- _What you should do_
Print, exactly as written, every line from the first line of the records below through the line containing "Derrida and Hospitality", and nothing further.

- _Items listed in a dataset_
______

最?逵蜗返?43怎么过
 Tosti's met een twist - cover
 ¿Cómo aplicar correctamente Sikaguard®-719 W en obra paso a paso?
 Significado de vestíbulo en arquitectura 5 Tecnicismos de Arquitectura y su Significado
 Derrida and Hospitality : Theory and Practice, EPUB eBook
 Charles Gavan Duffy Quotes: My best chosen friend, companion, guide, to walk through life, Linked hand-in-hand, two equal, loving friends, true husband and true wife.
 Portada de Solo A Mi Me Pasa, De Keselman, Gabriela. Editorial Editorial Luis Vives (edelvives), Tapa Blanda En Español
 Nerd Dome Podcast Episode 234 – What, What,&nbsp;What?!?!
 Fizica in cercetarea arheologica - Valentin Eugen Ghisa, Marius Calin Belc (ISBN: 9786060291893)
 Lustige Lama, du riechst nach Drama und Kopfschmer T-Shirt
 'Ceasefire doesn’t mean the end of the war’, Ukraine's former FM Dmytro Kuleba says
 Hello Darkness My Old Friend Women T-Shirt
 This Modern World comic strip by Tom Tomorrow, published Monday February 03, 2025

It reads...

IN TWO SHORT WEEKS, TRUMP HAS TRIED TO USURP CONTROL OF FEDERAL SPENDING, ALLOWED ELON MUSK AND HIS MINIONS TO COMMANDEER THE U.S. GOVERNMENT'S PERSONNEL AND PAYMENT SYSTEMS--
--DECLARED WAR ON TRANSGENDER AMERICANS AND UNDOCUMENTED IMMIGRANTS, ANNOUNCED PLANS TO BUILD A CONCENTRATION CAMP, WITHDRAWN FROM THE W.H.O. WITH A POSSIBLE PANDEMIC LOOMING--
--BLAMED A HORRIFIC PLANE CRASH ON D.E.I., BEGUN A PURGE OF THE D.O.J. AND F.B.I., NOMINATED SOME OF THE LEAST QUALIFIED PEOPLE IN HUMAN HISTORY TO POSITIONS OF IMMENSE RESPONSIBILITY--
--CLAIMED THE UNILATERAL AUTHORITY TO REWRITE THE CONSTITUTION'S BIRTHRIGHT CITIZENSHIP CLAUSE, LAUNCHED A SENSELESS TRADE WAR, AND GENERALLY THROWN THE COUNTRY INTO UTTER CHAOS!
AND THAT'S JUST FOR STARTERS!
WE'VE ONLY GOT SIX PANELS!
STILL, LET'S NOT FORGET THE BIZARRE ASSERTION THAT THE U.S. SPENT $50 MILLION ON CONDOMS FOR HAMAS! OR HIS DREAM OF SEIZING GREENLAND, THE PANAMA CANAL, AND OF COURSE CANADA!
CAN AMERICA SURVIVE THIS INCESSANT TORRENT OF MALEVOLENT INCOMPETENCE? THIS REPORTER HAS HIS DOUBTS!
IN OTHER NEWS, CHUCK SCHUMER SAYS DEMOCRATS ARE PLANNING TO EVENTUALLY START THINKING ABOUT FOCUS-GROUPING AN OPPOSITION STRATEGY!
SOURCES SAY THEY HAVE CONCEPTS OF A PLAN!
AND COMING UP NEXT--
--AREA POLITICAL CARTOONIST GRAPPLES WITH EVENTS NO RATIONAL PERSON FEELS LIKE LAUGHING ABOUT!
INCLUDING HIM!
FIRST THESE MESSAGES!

______

- _Solution for this exercise_
最?逵蜗返?43怎么过
 Tosti's met een twist - cover
 ¿Cómo aplicar correctamente Sikaguard®-719 W en obra paso a paso?
 Significado de vestíbulo en arquitectura 5 Tecnicismos de Arquitectura y su Significado
 Derrida and Hospitality : Theory and Practice, EPUB eBook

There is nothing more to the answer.